» Work task: Only the lines below starting at the one containing "ジャンク　Apple iPad pro 12.9 第三世代256GB セルラー" and ending at the one containing "грибы прущие грибы" belong in the answer, each copied exactly.

» Record excerpts:
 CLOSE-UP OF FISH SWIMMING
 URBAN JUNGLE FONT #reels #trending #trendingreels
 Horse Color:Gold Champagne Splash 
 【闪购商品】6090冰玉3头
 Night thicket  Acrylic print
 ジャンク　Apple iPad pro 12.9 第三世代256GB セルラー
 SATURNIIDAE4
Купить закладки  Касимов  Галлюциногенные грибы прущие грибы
==
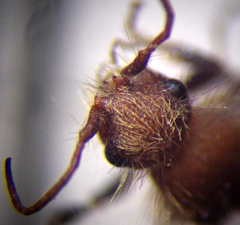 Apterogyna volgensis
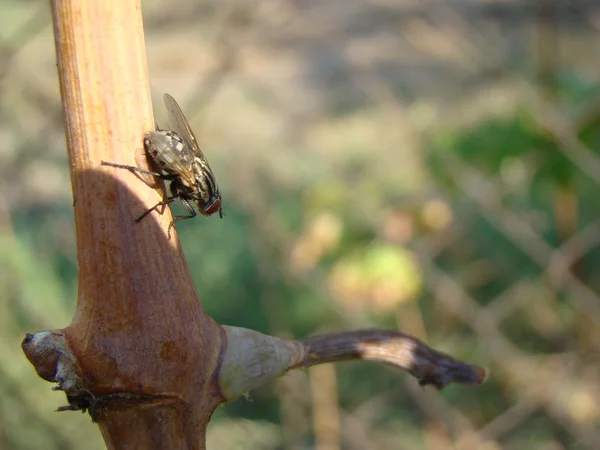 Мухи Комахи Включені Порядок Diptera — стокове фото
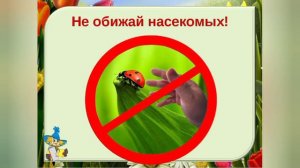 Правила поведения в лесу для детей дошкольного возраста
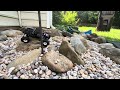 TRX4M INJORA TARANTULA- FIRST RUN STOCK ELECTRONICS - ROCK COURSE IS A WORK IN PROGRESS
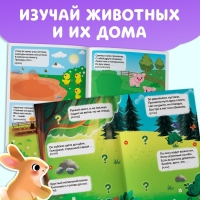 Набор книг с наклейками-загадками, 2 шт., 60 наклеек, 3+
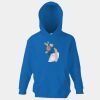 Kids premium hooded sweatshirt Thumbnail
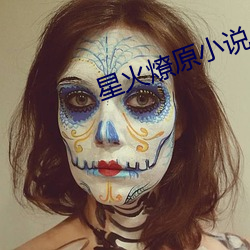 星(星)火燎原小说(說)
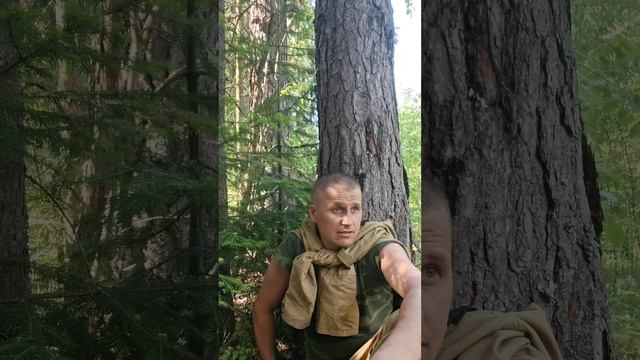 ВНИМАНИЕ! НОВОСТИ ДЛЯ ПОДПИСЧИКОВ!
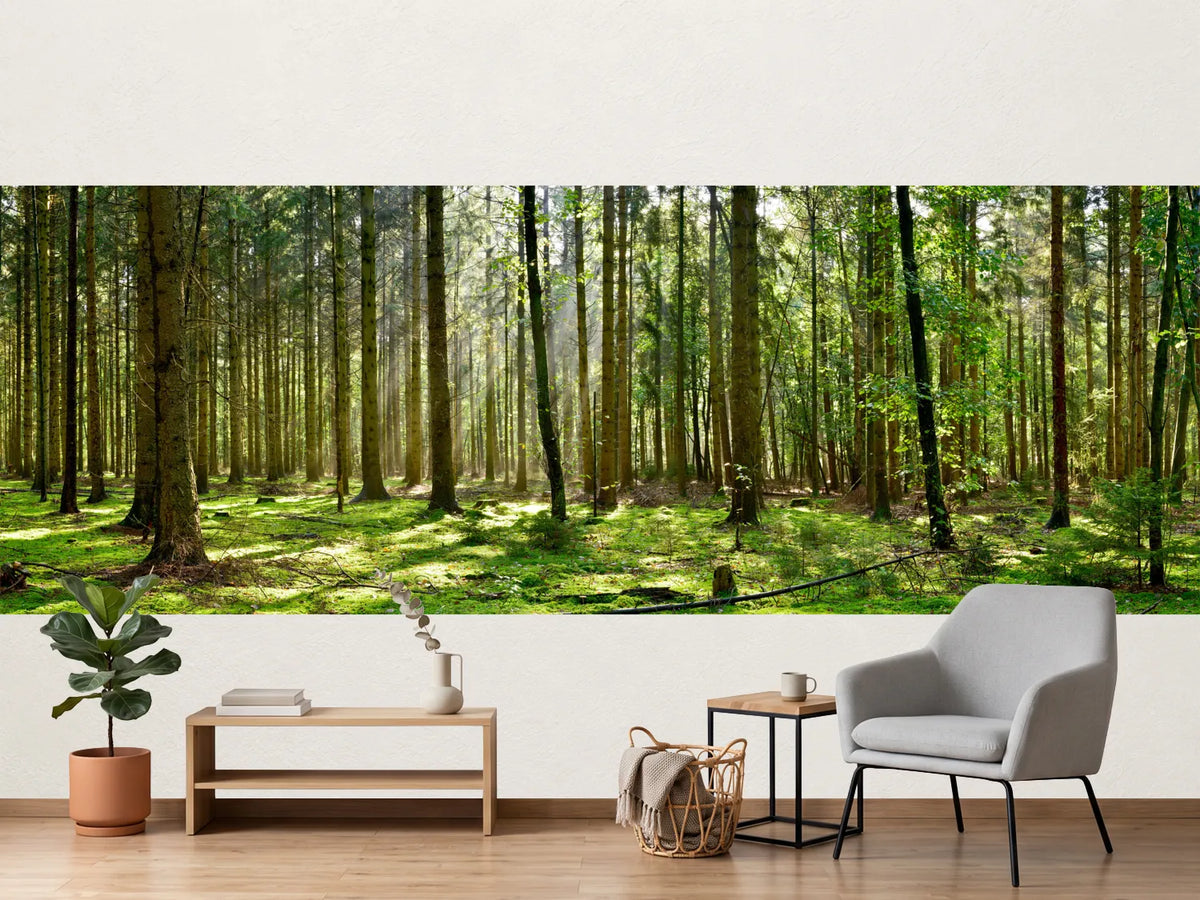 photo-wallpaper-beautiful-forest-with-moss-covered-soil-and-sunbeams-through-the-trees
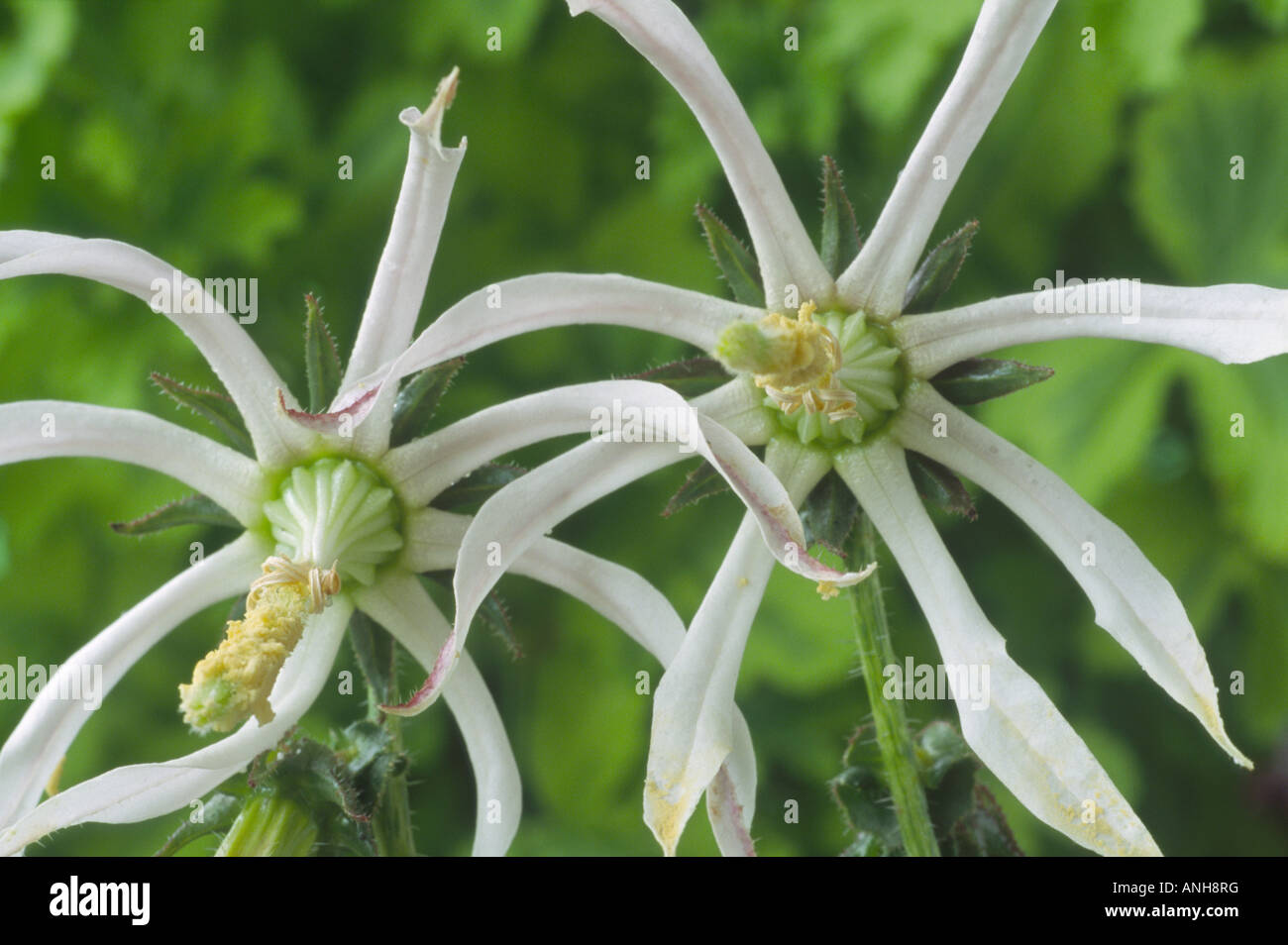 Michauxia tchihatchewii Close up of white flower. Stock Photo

» Reply:
 ジャンク　Apple iPad pro 12.9 第三世代256GB セルラー
 SATURNIIDAE4
Купить закладки  Касимов  Галлюциногенные грибы прущие грибы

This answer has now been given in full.